How Contract Analytics Tools like ContraxSuite Work
Optical Character Recognition
Unfortunately, many documents were born "analog" and scanned as PDF or TIF files. Optical character recognition, often abbreviated as OCR, is a technology that can help convert scanned or handwritten material back into digital, "computer-friendly" documents.
Once upon a time, OCR was much more difficult. Today, high-quality OCR tools like Google's tesseract project are freely available for nearly 100 languages. If you've ever used Google Books, you've already used the OCR software underneath the hood in ContraxSuite.
Natural Language Processing
Over the last 50 years, computer scientists and linguists have made huge strides in the fields of natural language processing and computational linguistics. Luckily, almost all of the most important discoveries in this field have been published in leading academic journals, and many of these algorithms are freely available in packages like Stanford's CoreNLP and the Natural Language Toolkit (NLTK).
Today, tools like CoreNLP and NLTK allow users to quickly analyze the structure of words and sentences, look up synonyms and antonyms, tag parts-of-speech, and identify proper nouns like countries in tens of the world's most common languages, including English, Spanish, French, German, Chinese/Mandarin, and Arabic.
Clustering is a powerful form of unsupervised learning that has been used for over 50 years in fields like biology, genetics, and statistics. By combining natural language processing with clustering, we are able to automatically categorize clauses and documents just like scientists group sequences of DNA or regions of the brain.
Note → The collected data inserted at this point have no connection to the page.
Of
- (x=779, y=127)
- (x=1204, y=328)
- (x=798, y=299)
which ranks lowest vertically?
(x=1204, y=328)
As a tool for modern data science, clustering is readily available in many open source and freely available frameworks such as scikit-learn, Apache Spark/Mahout, and Weka. Thanks to contributions from two generations of academics and companies like Facebook and Google, we can stand on the shoulders of giants instead of starting from scratch.
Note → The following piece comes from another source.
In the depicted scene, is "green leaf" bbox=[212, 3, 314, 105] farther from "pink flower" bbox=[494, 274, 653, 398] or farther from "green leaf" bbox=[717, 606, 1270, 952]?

When you hear someone talk about "machine learning", they are probably referring to a mathematical approach called classification. Classification is a form of supervised learning (alongisde regression - which you might remember from your schooling), in which a set of rules or equations helps distinguish between two or more types of "things."
Back in 1983, when machine learning was already old enough to warrant a history, scientists were already drawing distinctions between expert or rule-based systems and data-driven systems. As systems like Google's DeepMind or IBM's Watson show, the "battle for AI" has swung in favor of data. Luckily, the battle has also produced a rich open-source ecosystem of machine learning frameworks like frameworks such as scikit-learn, Apache Spark/Mahout, and Weka.
If machine learning techniques are driven by data, where do contract analytics platforms get their data from? Generally, there are two sources for high-quality contracts and legal documents:
- public data, like Federal court evidence or SEC filings
- private data, like material acquired from clients
ContraxSuite is built on the LexPredict Legal Document Database, which draws entirely from public sources like Federal courts and SEC filings. Unfortunately, many vendors build their products on private data acquired from clients, which introduces serious legal and economic concerns. Because ContraxSuite is an open-source product and can be used freely by most organizations, organizations can benefit from contract analytics without worrying that their private data will be aggregated or re-used.